Those who write theology are not only limited creatures, but are sinful, and they stand before a holy God. And that is why they must start their work with prayer. They really have no other option. They must ask for God's help - they must start with this humble act, and submit their intellects to his service.

Here's what they might pray:

Father of all wisdom, I praise you that in your Son Jesus Christ you have made yourself known to men and women: enlighten and guide me by your Holy Spirit as I begin this work; help me in my weakness to think truly about you and in my pride to be humble before you; keep me from falsehood, and make me your servant in the building of your church; in the name of your Son by whose death and resurrection we have new life to the praise of your glorious grace: Amen.

And that prayer includes a final thought: that theology that begins with prayer will be done in the service of God and his people. There ought to be nothing self-indulgent about theological study. I trust you have begun your course of study in theology because you want to serve God's people, in whatever way. Your study will no doubt be of enormous spiritual benefit to you. But it will, I pray, be of enormous benefit to the church, too.
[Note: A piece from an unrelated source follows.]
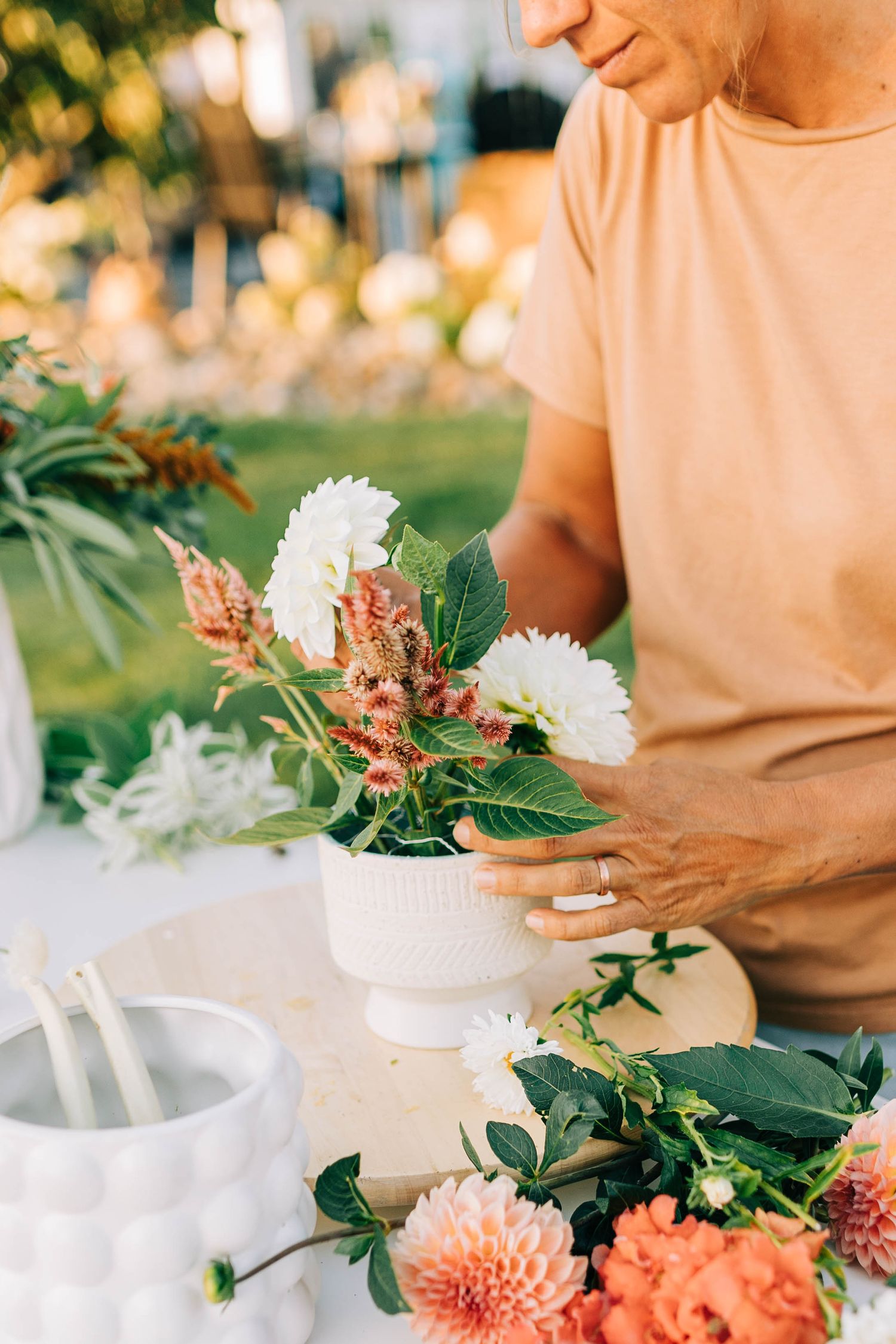 Close-up of hands arranging white and peach flowers in a decorative vase outdoors.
Does that make a difference to your approach to your theology essay? I most certainly hope it does. Not because anyone other than the marker will ever read it necessarily! But because this essay is an opportunity to know God better so that you might make him known more truly. It doesn't mean you will choose the most 'relevant' topic, or the most contentious, or the most obviously pastoral. It doesn't mean you will 'dumb down' your answer. The opposite in fact: you should be motivated to do as thorough a job as possible, because you are seeking to serve God and his people - humble before him, responsible to his revelation of himself, and seeking the benefit of others in what you do.


POSTSCRIPT

Because of its object - God - theology makes particular demands on its students. But in making these demands, it actually can teach other fields of study about how they should go about their work. There is an ethics, or a spirituality of theological study. And so there ought to be with any subject. The kind of faithfulness to its object that theology requires ought to present in every field. Just as theology treats its object as holy and seeks to known it on its own terms - God as he reveals himself - so any discipline ought to revere its object and seek to serve it. The worst kind of academic work is found when the things that are studied become merely the tools in some kind of intellectual game. This certainly happened somewhat in the field of literary studies, in which I received my early training. The great literary works disappeared from university courses and were replaced by a plethora of options for study including an emphasis on literary theory.

I am not against literary theory. But to study it as a study in and of itself seems to perpetuate a circle of self-indulgence - and to prove that much of it is not designed to say anything about literary texts, but rather to focus our attention elsewhere. You can't known something properly without in some way humbling yourself before it. This is as true for physics or history as it is for theology.